Pyrénées 1910-2010
Il y a 100 ans, les Pyrénées.
Les Pyrénées et le Tour, c’est une histoire d’amour commencée il y a un siècle. La Grande Boucle qui en est à sa 8ème édition (4 737 km en 15 étapes) a certes déjà rencontré la montagne en 1905 mais, là, on franchit un cap. Henri Desgrange, le patron du Tour, redoute ces 11 cols inconnus, culminant avec le Tourmalet et ses 17 Km de pente, à 2 115 M. D’ailleurs, il a fallu qu’au printemps, Alphonse Steinès, collaborateur à "L’Auto", le journal organisateur, et déjà découvreur du Ballon d’Alsace, lui force la main et se rende sur les flancs du Tourmalet enneigé pour lui prouver que l’ascension du col serait possible. La course a rendez-vous avec son destin les 19 et 21 juillet 1910 entre Perpignan et Luchon (289 km de routes improbables hérissées de 4 cols) et, après un jour de repos, entre Luchon et Bayonne (326 km assortis de 7 cols d’enfer).

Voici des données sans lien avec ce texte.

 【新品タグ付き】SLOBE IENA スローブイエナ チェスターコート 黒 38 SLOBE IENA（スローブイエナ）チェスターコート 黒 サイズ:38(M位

Parmi les 110 partants, des champions qui se nomment François Faber, Octave Lapize, Louis Trousselier ou Gustave Garrigou, et des seconds couteaux, d’un courage indomptable. Desgrange a pourtant peur, et quand il voit les efforts déployés par Lapize pour gagner à Luchon après avoir avalé les cols du Portel (601 m), de Port (1 249 m), du Portet d’Aspet (1 069 m), et des Ares (797 m), il quitte la course et confie les clefs à Victor Breyer.
Pas de dérailleur, des routes impossibles, peut-être des ours et des aigles, un départ à 3 heures et demie du matin, dans la nuit, de quoi frémir en effet… Lapize, qui livre à Faber, vainqueur du Tour 1909, un duel homérique dans une course qui se joue aux points, le 1er marque un point, le 2ème deux…, et non au temps, a attaqué. En tête à Peyresourde (1 569 m) et Aspin (1 489 m), il entreprend le Tourmalet sur sa machine ou à pied. Derrière, Garrigou, lui, ne descend pas de vélo.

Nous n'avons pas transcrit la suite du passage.